Acupuncture Helps Olfaction
A recent controlled study published in the Journal of Otolaryngology – Head and Neck Surgery notes that acupuncture is effective for restoring the sense of smell. The researchers studied participants with dysosmia (loss of sense of smell) due to viral infections. Acupuncture was applied to acupuncture points Du16 (Fengfu), Du20 (Baihui), LI20 (Yingxiang), Lu7 (Lieque), Lu9 (Taiyuang), St36 (Zu San Li), and K3 (Tai Xi). The needles were manipulated by an expert acupuncturist with more than ten years of professional experience and were retained for 30 minutes. Several acupuncture treatments were administered over a 10 week period. A statistical analysis revealed a significant improvement in the acupuncture patients. A control group receiving standard vitamin B complex therapy did not improve greatly.
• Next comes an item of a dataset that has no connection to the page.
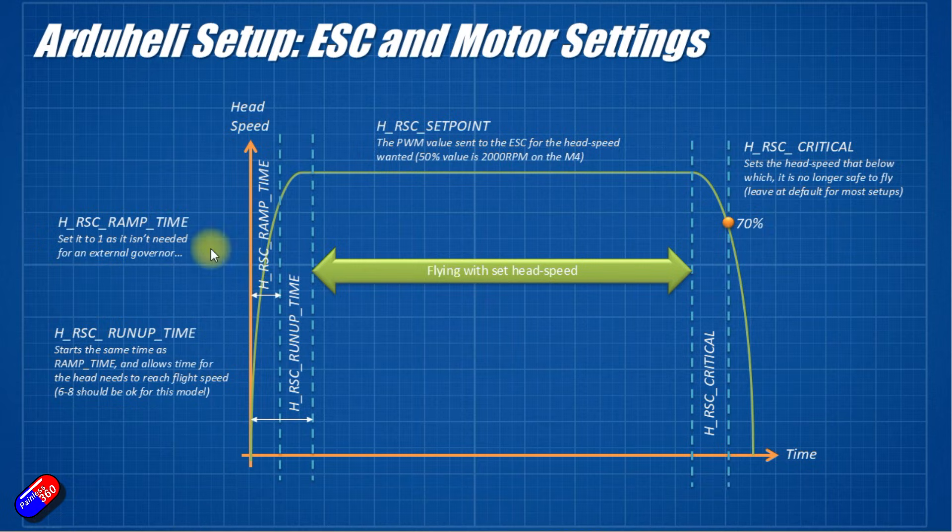There are a couple of different settings. The first, on the very left-hand side, is H_RSC ramp time. This is not needed if set to a governor — it's normally used to soft start the rotors. You could set this to four or five seconds and it would gently ramp up the throttle value over that time. Because we have a governor and a modern ESC, we'll essentially turn this off — you can't set it to zero, so we'll just set that to 1. Next is the run-up time: how many seconds the head needs to be left alone to spin up to full speed. With smaller models it might take five or six seconds; on bigger models it can take up to 15 to 20 seconds. You just need to measure that and set H_RSC run-up time so the head has time to get to speed.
Acupuncture and Pharmaceutical Drugs
Also of interest is that the patients chosen for this study had already tried standard western medical therapies but did not recover the sense of smell. Yet, these patients enjoyed a significant improvement in their olfactory senses with acupuncture treatment. Western medicine approaches include systemic and topical steroids, vitamin B therapy, caroverine, alpha lipoic acid, and several other medications.
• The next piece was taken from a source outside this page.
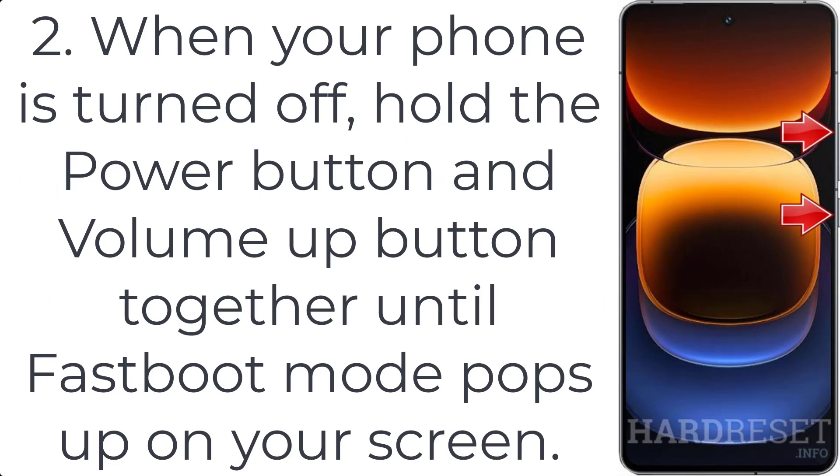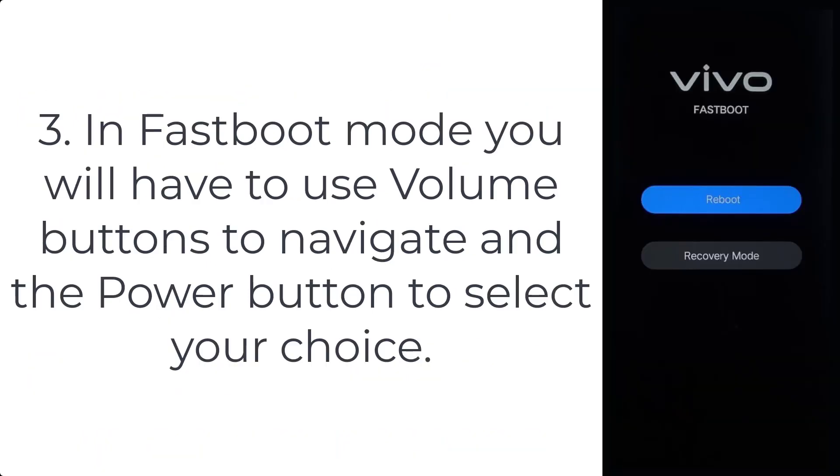Hold the power button and volume up button together until fast boot mode pops up on your screen. Step 3: in fast boot mode, you will have to use the volume buttons to navigate and the power button to select your choice.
Scalp acupuncture was employed in this study by choosing Du16 and Du20. Scalp acupuncture is especially well suited for both head injuries and post-viral neurological dysfunction. Hopefully, future studies will choose to include Du24 (Shenting) in the acupuncture point selection. Use of triple needling, also referred to as ranked needling, at acupuncture point Du24 is a powerful method for benefiting the sense of smell. Du24 is known to eliminate wind, calm the spirit and benefit the brain, nose, and eyes. It is the meeting point of the Governing vessel with the UB and Stomach meridians. Its actions to expel pathogenic head wind make it an excellent choice for the treatment of post-viral dysosmia. Commonly used to treat rhinitis, this acupuncture point is well regarded for its ability to benefit and stimulate the nose.
Julia Vent, MD, PhD, Djin-Wue Wang, MD, Michael Damm, MD; “Effects of traditional Chinese acupuncture in post-viral olfactory dysfunction,” J Otolaryngol Head Neck Surg April 1, 2010 vol. 142 no. 4 505-509.